Creo que la pesquisa de Bernárdez,
además de concretarse en un trabajo disciplinado y analítico que se refleja en
su prosa, tiene una finalidad principal: la sensación balsámica del encuentro
con esa intuición de armonía. Tal vez resulte una obviedad decirlo, porque me
atrevería a decir que esa sensación es la que nos lleva a todos a sumergirnos
en el mito artúrico.
Y no creo que queramos encontrar la
verdadera, con el amparo de la ciencia, tumba de Arturo; nos basta con
elucubrar, por ejemplo, acerca de la “casualmente” descubierta en la Abadía de
Glastonbury a finales del s. XII. Porque en el caso de encontrar por fin al
Arturo real, ¿Cuál sería la reacción de los que han consagrado su vida a
buscarlo? Yo creo que tras un primer y breve alborozo, los embargaría la
melancolía debida a las estrecheces de la realidad.

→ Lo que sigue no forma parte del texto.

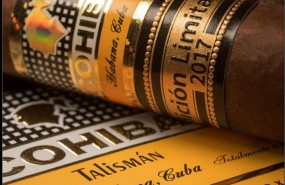 ep habanos cohiba talisman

Ya encontramos a Arturo en las leyendas,
en los libros. Ese es el verdadero Arturo. “En cierta ocasión alguien dijo-
remata Bernárdez- que no sabía quién tenía más imaginación, si los que
inventaron al Rey Arturo, o aquellos que niegan su existencia.” Por muy hondo
que cavemos no lo encontraremos, pero si miramos al horizonte tal vez lo veamos
volver rasgando la niebla de la Nueva Edad Oscura.